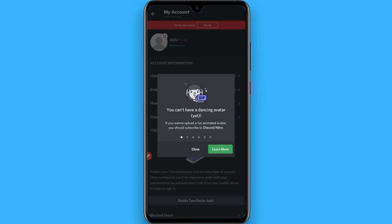If you face this kind of error, it means you still don't have the animated avatar feature enabled by Discord, so wait for it. Hope this video was helpful for you. See you next time, thank you.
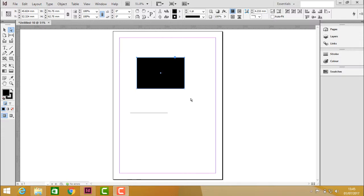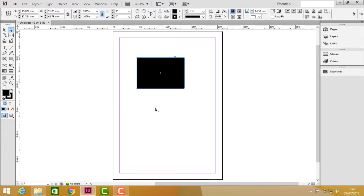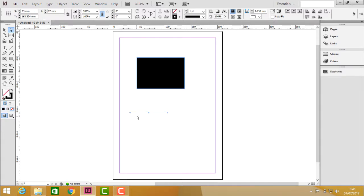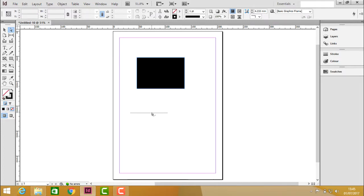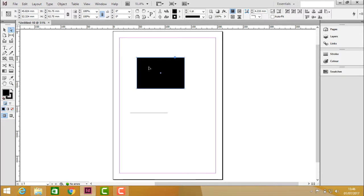Using the direct selection tool you can select an object or a path. Once you select anything, you can see that it is activated with some points. A path is something which has open points, while an object is something which is closed from all directions. Using the direct selection tool you can activate objects by clicking and see the anchor points.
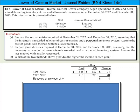Let's take a look at this lower of cost or market problem that deals with journal entries. It's exercise 9-4. Dover Company began operations in 2012 and determined its ending inventory at cost and at lower of cost or market at December 31st, 2012 and December 31st, 2013, and the information is presented.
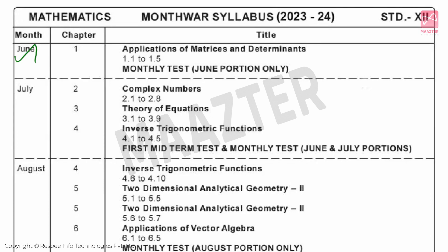First, June. In June, we will start Chapter 1: Application of Matrices and Determinants. In this chapter, you will complete topics 1.1 to 1.5. That is your June monthly test portion.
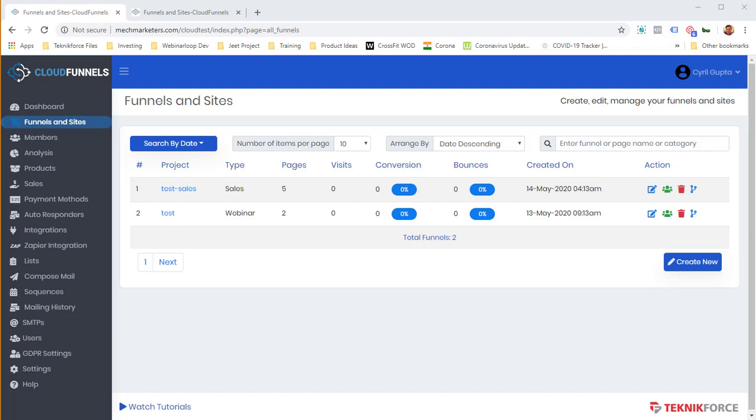Hey there, in this video, I'm going to show you how simple and easy it is to clone a complete funnel and put it on another installation of Cloud Funnels. And this you can use when you are selling funnels to other people. So if you are a funnel marketer and you want to sell your funnel, you want to allow anyone else to duplicate your funnel on their own installation of Cloud Funnels, it's extremely easy.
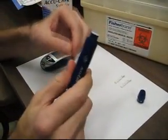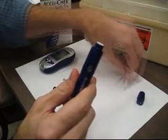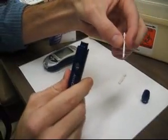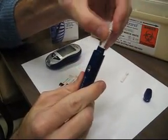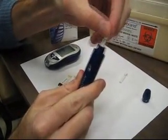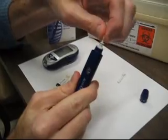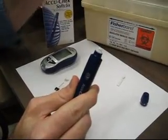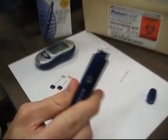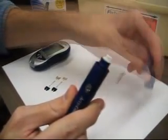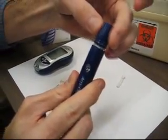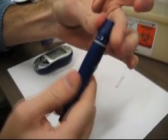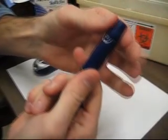Load the empty lancet device with a new disposable lancet. Push it in until it clicks and then twist the cap off. Place the lancet device cap back on until it clicks.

■ ■ ■ ■ ■ ■ ■

◆ ACTIVITY ◆
Among the entries above, locate the line with "Let's take a" and the line with "Hey there, in". Give those two lines and all lines between them again, exactly, leaving out the pictures.

◆ TASK RESPONSE ◆
Let's take a look at this lower of cost or market problem that deals with journal entries. It's exercise 9-4. Dover Company began operations in 2012 and determined its ending inventory at cost and at lower of cost or market at December 31st, 2012 and December 31st, 2013, and the information is presented.
First, June. In June, we will start Chapter 1: Application of Matrices and Determinants. In this chapter, you will complete topics 1.1 to 1.5. That is your June monthly test portion.
Hey there, in this video, I'm going to show you how simple and easy it is to clone a complete funnel and put it on another installation of Cloud Funnels. And this you can use when you are selling funnels to other people. So if you are a funnel marketer and you want to sell your funnel, you want to allow anyone else to duplicate your funnel on their own installation of Cloud Funnels, it's extremely easy.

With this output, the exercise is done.